Purple Donkey: Escape Room The Game

By | November 19, 2018

Room-in-a-box, Nov 2018

Rated 1.5 out of 5
Toby says:

Not to be confused with the similarly named line of home games from Spin Master Games, this product consists of a plastic padlock with four coloured dials, plus a set of sixteen different puzzles to solve. For the benefit of anyone who doesn’t read past the first paragraph of this review, the main thing to take away here is that this is a terrible product and you should definitely not buy it. (I’ve seen it sold under at least three different brands with two versions of the packaging: Paladone, Purple Monkey and The Games Club.)
Both of the reviews currently on Amazon for this game complain about problems they had with the padlock.
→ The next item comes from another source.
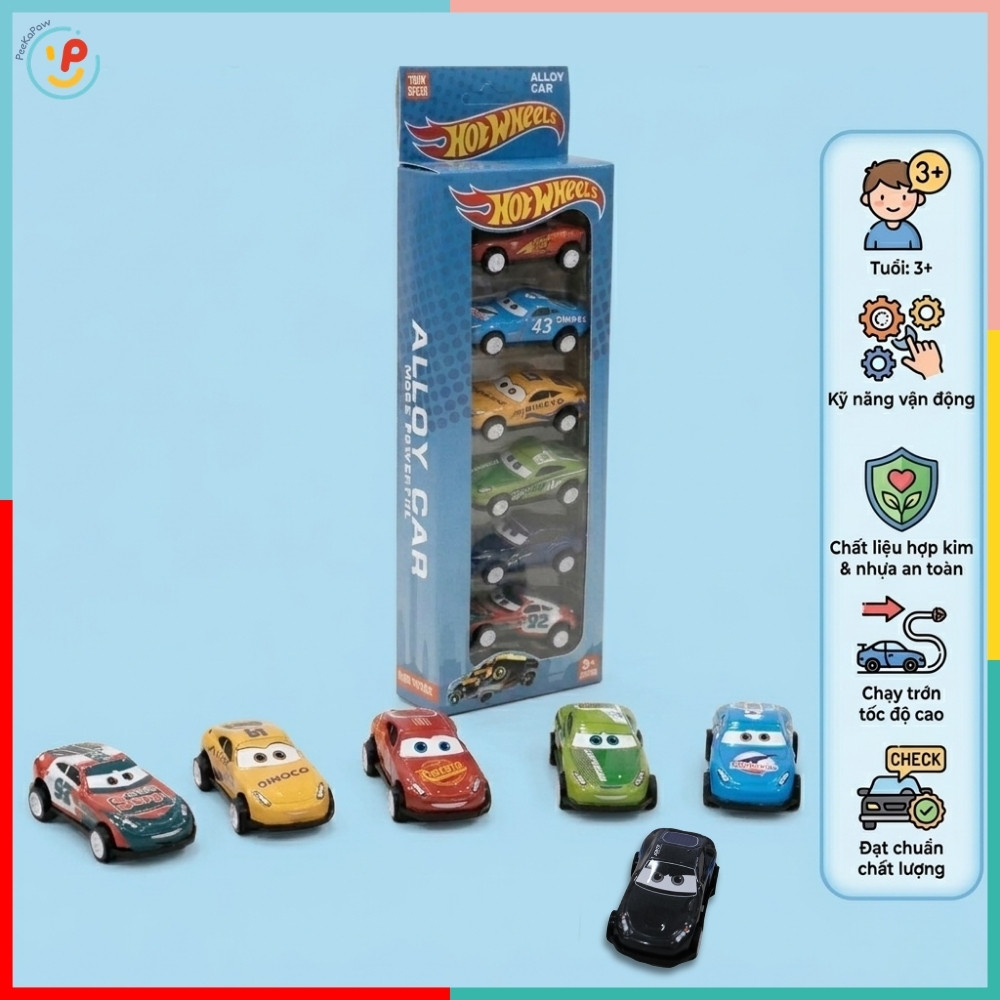 Hộp 6 Xe Thể Thao Mini Chạy Đà Trớn 1038-4 PeeKaPaw Toys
Our first attempt to set it to a different answer somehow managed to get it into a state where it opened regardless of what you set the dials to, but with some fiddling we got it working as intended. I actually don’t hate the padlock; it’s a chunky plastic version of a real padlock and only has four options on each dial, but I can actually see myself repurposing it and using it again – perhaps if I were creating some simple home-grown puzzles for a young relative.
It’s the puzzles that are really bad. There are sixteen, grouped into four sets of four envelopes, each set of four being a different puzzle type. These are listed everywhere I’ve seen the game on sale, so I won’t hesitate to say what they are: you get four riddles, four physical puzzles that are variations on jigsaws, four maths algebra questions and four other puzzles. The intention is that a game consists of four puzzles, one from each category; you have an hour to solve them, with a recommended team size of 3+.
Played in that way, you get up to four play-throughs before puzzles begin to repeat, which is what the packaging means when it says you can play ‘game after game’. However, we had little difficulty in solving all sixteen puzzles in half an hour, most of which was taken up by the jigsaws. Despite its claims to be replayable, there’s less content here than almost any of the other play at home games I’ve tried. In addition, the content it does have is woefully unoriginal and tedious, repetitive and utterly lacking in any imaginative spark.
You could argue that we found it so easy because this is intended for kids – except that the box states that it’s for ages of 14+, and frankly, giving this game to kids borders on child cruelty. I’d complain about how the design means you need someone else to set up the game for you, and how the small number of possible answers makes many of the puzzles easy to solve by elimination, but those are the least of its flaws.
Since the padlock only has 256 combinations, you can comfortably brute-force a solution in under ten minutes. Sitting there and trying one combination after another until it opens is almost as fast and about as fun as opening it by solving the puzzles provided. Maybe I come across as unnecessarily harsh, but the best spin on this product is that it’s a well-meaning attempt to create an escape product by people who have no idea how to create interesting puzzles. Much more likely is that it’s a cynical attempt to cash-in on the escape game craze by people who have no idea how to create interesting puzzles. Give this to a beginner if you want to extinguish their interest in escape games.
It avoids the minimum rating only because some of my teammates proved surprisingly willing to play all the puzzles without giving up midway in disgust. Even so, I try these things so you don’t have to – don’t make my suffering in vain through making the mistake of buying it. 1.5 / 5
Lewis rated this:1.5 / 5
Sam rated this:1.5 / 5

One thought on “Purple Donkey: Escape Room The Game

  1. Robert

    Thankyou for an informative and funny review, which i imagine was more enjoyable than actually playing the game. You have saved us from buying it as the games are on offer on goupon.